Task prompt: The complete listing should be copied out exactly.

Material provided:
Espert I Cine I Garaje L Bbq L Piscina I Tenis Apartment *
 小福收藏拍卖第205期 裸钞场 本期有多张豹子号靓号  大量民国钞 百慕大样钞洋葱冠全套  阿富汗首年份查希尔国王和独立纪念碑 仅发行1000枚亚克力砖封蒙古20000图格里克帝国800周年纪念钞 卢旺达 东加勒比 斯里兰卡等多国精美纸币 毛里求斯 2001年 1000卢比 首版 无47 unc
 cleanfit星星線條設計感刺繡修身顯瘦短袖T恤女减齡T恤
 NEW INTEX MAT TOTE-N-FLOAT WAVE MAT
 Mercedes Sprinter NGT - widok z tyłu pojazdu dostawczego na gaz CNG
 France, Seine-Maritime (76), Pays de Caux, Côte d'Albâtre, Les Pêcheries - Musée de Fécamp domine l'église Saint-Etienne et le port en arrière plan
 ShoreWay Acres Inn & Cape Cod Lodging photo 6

Problem solution:
Espert I Cine I Garaje L Bbq L Piscina I Tenis Apartment *
 小福收藏拍卖第205期 裸钞场 本期有多张豹子号靓号  大量民国钞 百慕大样钞洋葱冠全套  阿富汗首年份查希尔国王和独立纪念碑 仅发行1000枚亚克力砖封蒙古20000图格里克帝国800周年纪念钞 卢旺达 东加勒比 斯里兰卡等多国精美纸币 毛里求斯 2001年 1000卢比 首版 无47 unc
 cleanfit星星線條設計感刺繡修身顯瘦短袖T恤女减齡T恤
 NEW INTEX MAT TOTE-N-FLOAT WAVE MAT
 Mercedes Sprinter NGT - widok z tyłu pojazdu dostawczego na gaz CNG
 France, Seine-Maritime (76), Pays de Caux, Côte d'Albâtre, Les Pêcheries - Musée de Fécamp domine l'église Saint-Etienne et le port en arrière plan
 ShoreWay Acres Inn & Cape Cod Lodging photo 6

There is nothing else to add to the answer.